> _What this task involves_: Write out the data exactly from its first line onward, ending with the line in which "Divano da giardino" appears.

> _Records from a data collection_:
= = = =

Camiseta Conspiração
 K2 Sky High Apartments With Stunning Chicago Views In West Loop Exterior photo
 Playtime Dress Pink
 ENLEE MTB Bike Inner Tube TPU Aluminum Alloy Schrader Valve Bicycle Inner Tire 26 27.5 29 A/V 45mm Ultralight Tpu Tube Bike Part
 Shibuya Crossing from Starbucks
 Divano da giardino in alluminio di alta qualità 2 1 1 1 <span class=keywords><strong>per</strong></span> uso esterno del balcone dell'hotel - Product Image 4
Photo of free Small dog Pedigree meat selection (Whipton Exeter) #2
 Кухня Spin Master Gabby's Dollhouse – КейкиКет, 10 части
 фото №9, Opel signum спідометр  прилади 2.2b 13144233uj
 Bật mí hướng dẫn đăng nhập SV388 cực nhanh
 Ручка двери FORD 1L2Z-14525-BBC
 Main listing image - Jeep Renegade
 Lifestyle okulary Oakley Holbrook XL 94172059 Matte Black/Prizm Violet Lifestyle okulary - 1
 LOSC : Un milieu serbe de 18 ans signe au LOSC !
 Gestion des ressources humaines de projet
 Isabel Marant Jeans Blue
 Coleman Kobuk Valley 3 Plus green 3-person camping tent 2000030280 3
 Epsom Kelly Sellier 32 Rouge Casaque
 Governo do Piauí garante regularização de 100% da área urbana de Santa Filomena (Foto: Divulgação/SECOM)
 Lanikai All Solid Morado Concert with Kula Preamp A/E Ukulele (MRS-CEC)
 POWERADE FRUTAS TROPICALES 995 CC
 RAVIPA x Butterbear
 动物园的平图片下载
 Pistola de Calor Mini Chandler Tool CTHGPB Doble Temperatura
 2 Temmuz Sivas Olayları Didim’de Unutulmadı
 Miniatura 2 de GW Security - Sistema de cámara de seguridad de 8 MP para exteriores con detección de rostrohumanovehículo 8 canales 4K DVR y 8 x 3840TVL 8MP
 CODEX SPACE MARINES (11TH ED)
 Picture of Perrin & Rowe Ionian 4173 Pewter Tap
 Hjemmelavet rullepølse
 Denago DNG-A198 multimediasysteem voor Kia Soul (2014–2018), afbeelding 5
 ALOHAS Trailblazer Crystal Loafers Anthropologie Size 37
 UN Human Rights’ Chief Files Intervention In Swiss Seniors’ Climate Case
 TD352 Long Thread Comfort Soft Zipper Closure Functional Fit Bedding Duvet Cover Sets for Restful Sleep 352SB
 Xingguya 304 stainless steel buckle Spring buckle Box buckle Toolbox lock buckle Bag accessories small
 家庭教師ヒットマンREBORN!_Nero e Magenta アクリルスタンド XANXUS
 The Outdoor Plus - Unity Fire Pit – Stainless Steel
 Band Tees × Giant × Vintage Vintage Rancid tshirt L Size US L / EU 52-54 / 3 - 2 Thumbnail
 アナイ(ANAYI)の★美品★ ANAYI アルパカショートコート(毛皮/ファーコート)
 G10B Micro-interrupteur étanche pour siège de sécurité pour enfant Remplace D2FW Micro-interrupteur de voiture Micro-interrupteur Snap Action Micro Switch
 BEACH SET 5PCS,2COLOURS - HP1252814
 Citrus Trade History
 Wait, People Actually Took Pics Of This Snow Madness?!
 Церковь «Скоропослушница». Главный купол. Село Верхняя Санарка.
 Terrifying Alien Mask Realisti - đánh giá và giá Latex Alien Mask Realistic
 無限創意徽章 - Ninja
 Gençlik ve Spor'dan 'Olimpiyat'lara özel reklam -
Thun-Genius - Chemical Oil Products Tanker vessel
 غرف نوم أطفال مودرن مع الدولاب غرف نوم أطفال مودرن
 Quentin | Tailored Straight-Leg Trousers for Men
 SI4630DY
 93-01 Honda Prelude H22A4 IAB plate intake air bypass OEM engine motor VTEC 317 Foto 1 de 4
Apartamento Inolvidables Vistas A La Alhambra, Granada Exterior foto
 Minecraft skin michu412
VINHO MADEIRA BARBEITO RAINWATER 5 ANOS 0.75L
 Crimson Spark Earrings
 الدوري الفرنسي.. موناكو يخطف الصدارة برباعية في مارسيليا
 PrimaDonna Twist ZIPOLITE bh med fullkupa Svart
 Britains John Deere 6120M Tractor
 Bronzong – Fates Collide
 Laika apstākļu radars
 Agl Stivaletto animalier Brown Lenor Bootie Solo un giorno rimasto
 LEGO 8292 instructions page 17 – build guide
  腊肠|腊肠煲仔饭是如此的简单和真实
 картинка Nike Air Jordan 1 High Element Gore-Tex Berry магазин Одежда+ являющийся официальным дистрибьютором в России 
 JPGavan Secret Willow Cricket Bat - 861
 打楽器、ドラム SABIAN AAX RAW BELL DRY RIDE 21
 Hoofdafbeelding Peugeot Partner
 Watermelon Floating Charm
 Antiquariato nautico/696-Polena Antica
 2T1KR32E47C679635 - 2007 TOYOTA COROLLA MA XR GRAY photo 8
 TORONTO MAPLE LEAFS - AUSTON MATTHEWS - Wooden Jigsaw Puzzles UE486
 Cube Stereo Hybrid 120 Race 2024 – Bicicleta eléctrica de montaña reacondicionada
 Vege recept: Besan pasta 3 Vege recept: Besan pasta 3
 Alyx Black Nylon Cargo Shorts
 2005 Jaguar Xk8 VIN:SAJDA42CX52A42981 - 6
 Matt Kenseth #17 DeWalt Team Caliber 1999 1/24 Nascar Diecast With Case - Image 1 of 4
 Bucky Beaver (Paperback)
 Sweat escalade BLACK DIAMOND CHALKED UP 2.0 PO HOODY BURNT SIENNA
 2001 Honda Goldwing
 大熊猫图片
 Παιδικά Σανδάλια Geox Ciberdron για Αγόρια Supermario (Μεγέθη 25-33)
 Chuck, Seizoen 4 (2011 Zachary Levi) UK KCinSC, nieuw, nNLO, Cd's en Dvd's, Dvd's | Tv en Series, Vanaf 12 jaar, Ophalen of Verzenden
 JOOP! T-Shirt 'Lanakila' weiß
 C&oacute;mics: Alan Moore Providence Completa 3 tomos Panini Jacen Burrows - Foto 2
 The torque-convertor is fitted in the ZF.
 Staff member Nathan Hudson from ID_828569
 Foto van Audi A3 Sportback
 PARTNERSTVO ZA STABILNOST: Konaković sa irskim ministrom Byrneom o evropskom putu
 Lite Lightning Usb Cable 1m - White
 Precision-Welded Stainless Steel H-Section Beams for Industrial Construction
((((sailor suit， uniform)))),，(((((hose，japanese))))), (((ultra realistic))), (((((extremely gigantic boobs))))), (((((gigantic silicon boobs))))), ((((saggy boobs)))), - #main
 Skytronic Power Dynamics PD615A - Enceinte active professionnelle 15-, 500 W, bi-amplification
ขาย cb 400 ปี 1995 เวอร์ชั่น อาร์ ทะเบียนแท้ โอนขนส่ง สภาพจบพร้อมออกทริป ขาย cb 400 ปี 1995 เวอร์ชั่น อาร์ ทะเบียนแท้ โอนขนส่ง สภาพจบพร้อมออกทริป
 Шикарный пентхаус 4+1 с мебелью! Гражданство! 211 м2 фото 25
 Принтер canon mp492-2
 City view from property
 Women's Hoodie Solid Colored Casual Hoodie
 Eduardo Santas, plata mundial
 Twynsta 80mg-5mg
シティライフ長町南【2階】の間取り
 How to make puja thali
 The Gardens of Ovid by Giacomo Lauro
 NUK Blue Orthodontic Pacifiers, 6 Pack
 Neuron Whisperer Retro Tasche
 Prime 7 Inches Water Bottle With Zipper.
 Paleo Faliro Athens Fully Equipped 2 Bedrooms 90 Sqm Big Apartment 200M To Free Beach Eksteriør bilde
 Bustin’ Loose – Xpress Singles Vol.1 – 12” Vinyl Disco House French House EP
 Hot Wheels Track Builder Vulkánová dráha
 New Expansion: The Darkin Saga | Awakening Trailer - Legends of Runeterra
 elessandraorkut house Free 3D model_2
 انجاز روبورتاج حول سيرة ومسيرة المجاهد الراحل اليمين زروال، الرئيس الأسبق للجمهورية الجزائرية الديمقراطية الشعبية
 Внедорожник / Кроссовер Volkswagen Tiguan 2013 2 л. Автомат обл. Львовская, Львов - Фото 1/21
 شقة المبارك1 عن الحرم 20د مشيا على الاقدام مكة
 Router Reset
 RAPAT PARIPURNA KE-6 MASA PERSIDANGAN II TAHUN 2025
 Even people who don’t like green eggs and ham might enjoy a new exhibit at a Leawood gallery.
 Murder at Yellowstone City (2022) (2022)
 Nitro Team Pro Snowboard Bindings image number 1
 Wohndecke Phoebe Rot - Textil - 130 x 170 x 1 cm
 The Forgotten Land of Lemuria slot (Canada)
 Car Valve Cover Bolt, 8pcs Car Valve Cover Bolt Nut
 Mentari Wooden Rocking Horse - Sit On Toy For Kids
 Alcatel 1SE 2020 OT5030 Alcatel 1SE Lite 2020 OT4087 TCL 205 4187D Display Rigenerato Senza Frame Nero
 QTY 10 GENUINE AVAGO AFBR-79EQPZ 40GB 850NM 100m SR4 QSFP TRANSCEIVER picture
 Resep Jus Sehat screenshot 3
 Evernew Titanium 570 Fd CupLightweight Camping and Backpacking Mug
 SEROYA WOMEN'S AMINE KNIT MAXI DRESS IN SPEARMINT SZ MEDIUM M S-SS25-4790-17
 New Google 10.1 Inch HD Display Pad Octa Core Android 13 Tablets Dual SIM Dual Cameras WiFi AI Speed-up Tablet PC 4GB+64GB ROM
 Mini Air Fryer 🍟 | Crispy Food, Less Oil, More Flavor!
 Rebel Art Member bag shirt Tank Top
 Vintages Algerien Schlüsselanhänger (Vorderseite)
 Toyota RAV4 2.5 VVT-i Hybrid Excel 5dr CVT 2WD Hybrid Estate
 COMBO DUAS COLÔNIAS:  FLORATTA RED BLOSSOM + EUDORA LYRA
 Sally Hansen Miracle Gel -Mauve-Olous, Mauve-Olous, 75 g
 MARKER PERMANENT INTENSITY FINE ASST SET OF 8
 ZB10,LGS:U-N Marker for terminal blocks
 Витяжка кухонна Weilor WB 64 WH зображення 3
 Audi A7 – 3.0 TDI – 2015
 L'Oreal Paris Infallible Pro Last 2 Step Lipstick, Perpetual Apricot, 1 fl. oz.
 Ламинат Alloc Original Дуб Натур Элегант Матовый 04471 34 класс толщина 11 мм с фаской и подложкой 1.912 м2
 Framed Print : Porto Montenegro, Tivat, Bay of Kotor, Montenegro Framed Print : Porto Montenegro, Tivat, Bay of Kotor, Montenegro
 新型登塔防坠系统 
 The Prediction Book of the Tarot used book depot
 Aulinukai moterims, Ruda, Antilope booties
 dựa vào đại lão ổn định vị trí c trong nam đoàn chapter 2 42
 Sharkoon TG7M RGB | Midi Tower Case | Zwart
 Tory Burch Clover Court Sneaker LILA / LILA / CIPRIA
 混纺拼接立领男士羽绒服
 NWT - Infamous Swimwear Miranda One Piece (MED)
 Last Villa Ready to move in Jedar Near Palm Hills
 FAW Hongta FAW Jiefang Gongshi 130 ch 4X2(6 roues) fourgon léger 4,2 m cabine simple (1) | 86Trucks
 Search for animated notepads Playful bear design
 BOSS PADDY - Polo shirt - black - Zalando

= = = =

> _Task result_:
Camiseta Conspiração
 K2 Sky High Apartments With Stunning Chicago Views In West Loop Exterior photo
 Playtime Dress Pink
 ENLEE MTB Bike Inner Tube TPU Aluminum Alloy Schrader Valve Bicycle Inner Tire 26 27.5 29 A/V 45mm Ultralight Tpu Tube Bike Part
 Shibuya Crossing from Starbucks
 Divano da giardino in alluminio di alta qualità 2 1 1 1 <span class=keywords><strong>per</strong></span> uso esterno del balcone dell'hotel - Product Image 4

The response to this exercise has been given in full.